Brief descriptive captions
::::

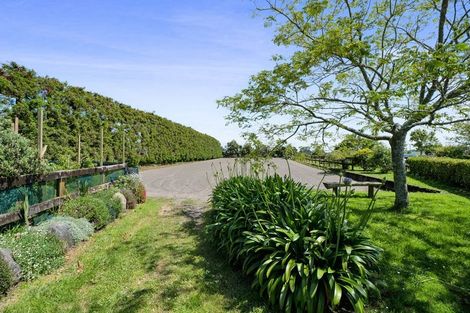 Photo of property in 325a Awai Road, Tarurutangi, New Plymouth, 4372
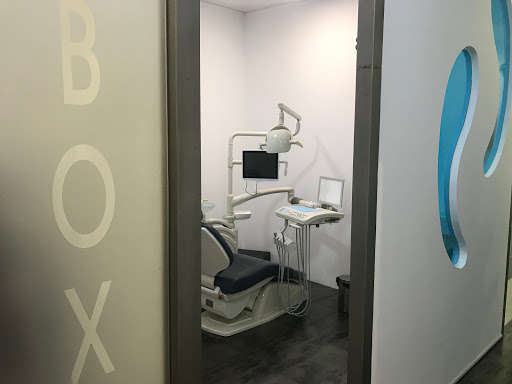 Clinica Dental Elysia.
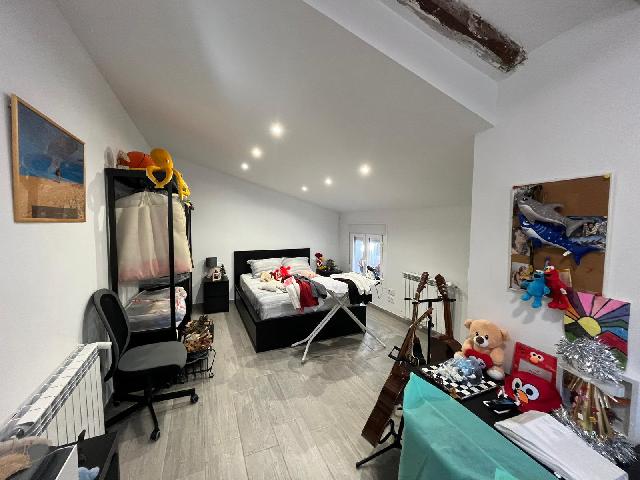 Imagen 3 Inmueble 302053 - Casa en venta en Almunia De San Juan / Calle Baja, muy cerca del centro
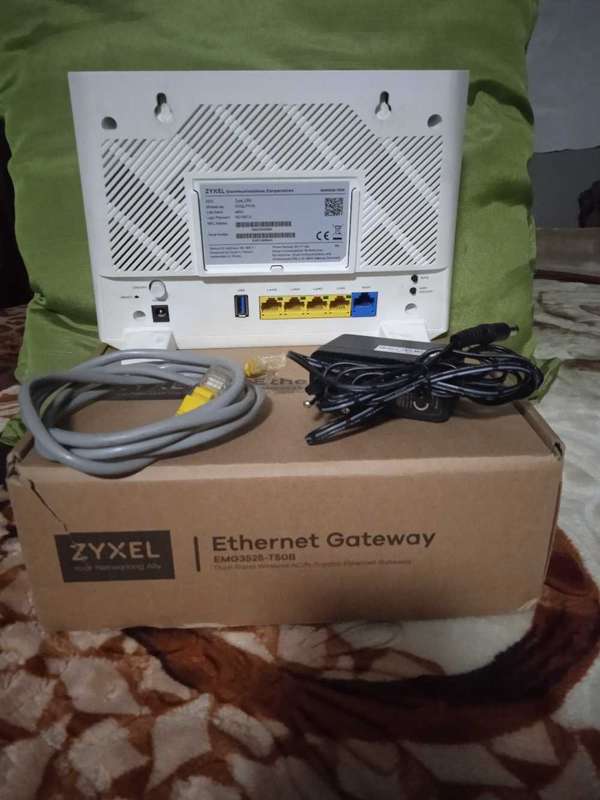 ZYXEL EMG3525-T50B fibre Router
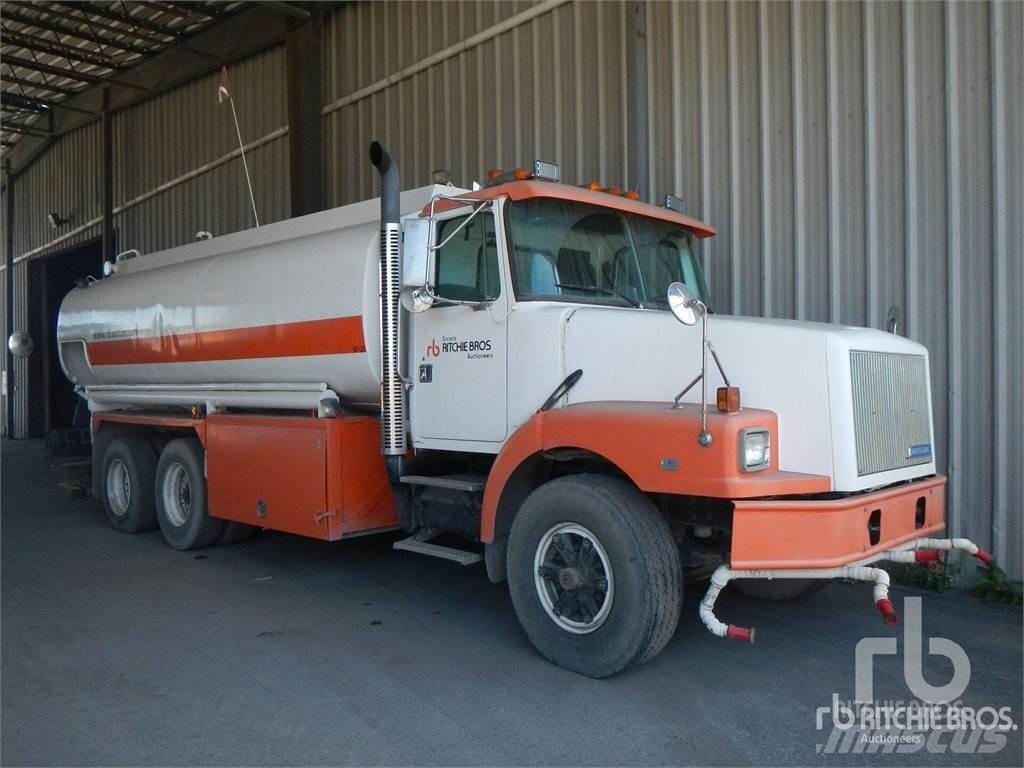 Volvo WG64 給水車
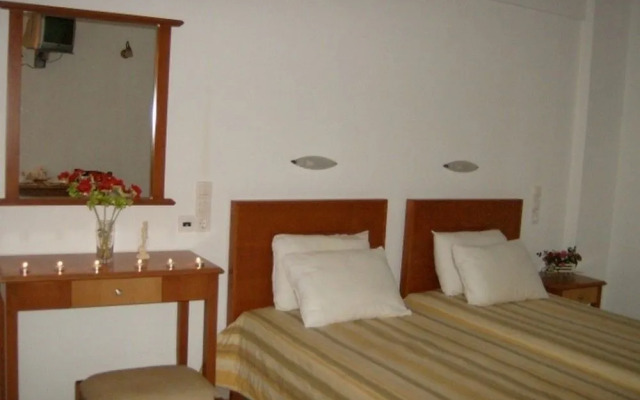 Sunshine Hotel Malia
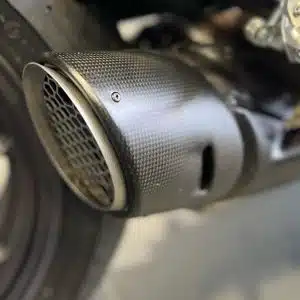 Enjoliveur carbone de silencieux Ducati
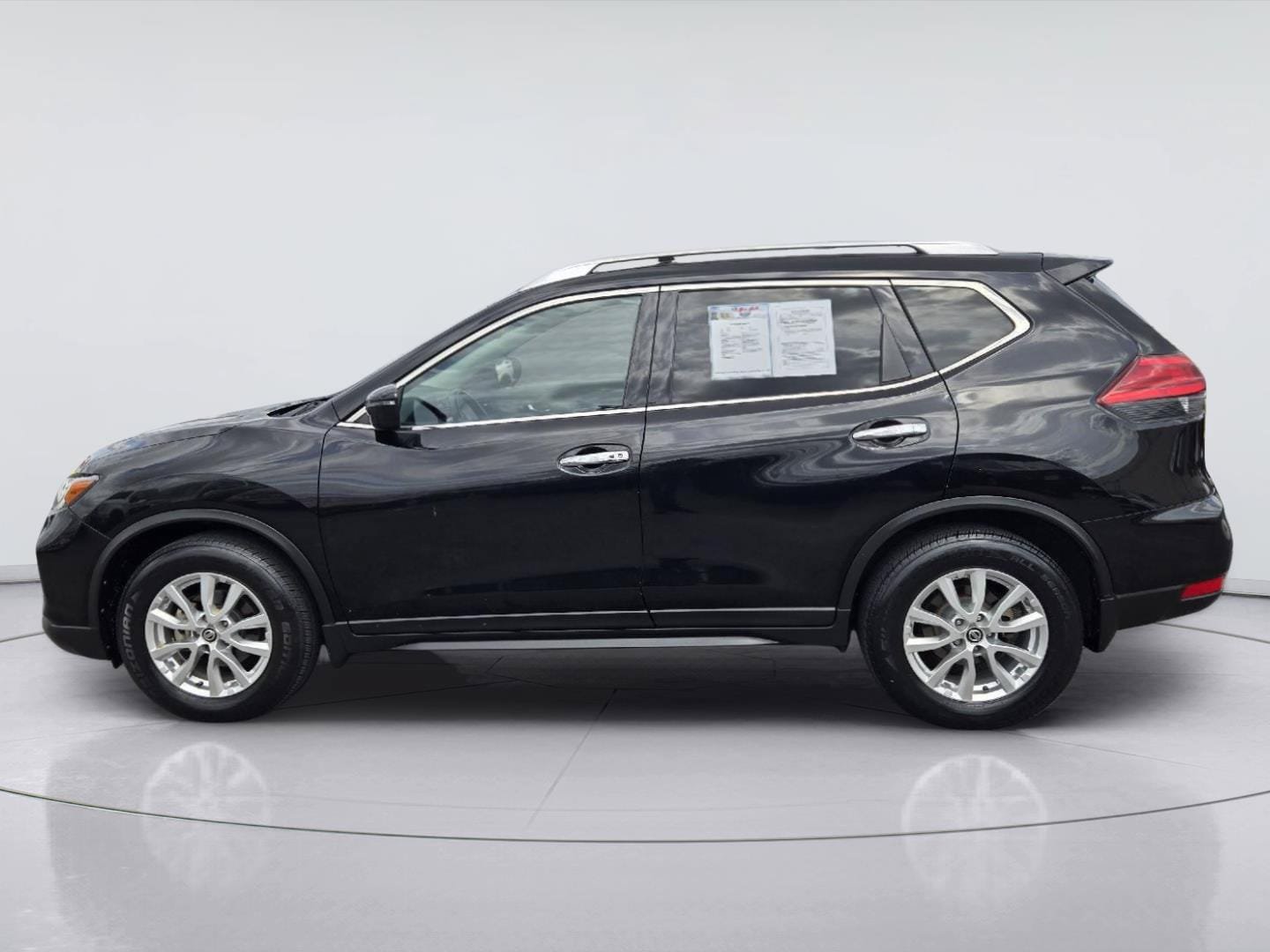 Used 2017 Nissan Rogue SV FWD image 5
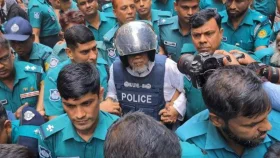 রিমান্ড শুনানিতে হট্টগোল, পিটিয়ে বের করা হলো আমুর আইনজীবীকে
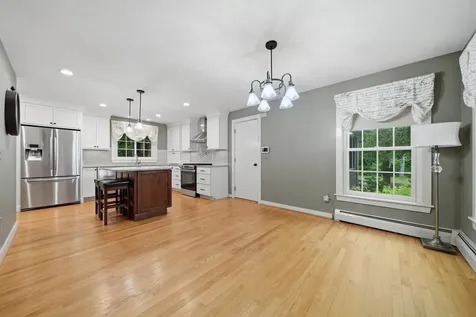 11 Montgomery Farm Road Derry NH 03038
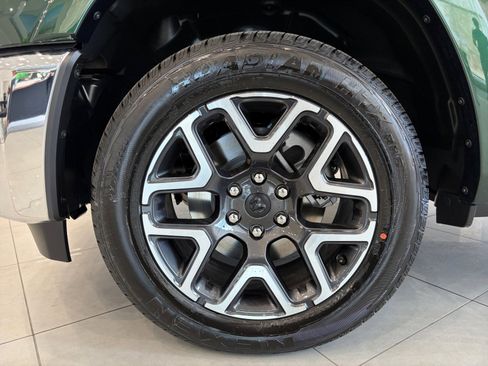 New 2026 RAM 1500 Laramie AWD/4WD image 11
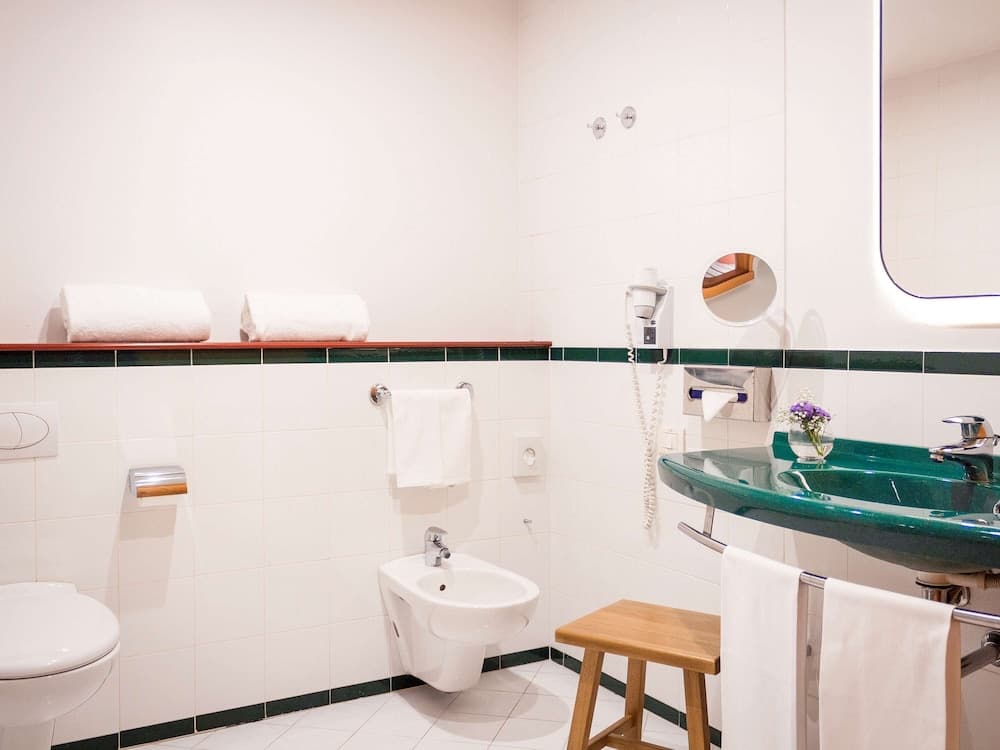Mercure Roma Corso Trieste — 23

::::

What is needed is an exact copy of the lines from the start of the records through the line containing "Sunshine Hotel Malia", with no pictures.

 Photo of property in 325a Awai Road, Tarurutangi, New Plymouth, 4372
 Clinica Dental Elysia.
 Imagen 3 Inmueble 302053 - Casa en venta en Almunia De San Juan / Calle Baja, muy cerca del centro
 ZYXEL EMG3525-T50B fibre Router
 Volvo WG64 給水車
 Sunshine Hotel Malia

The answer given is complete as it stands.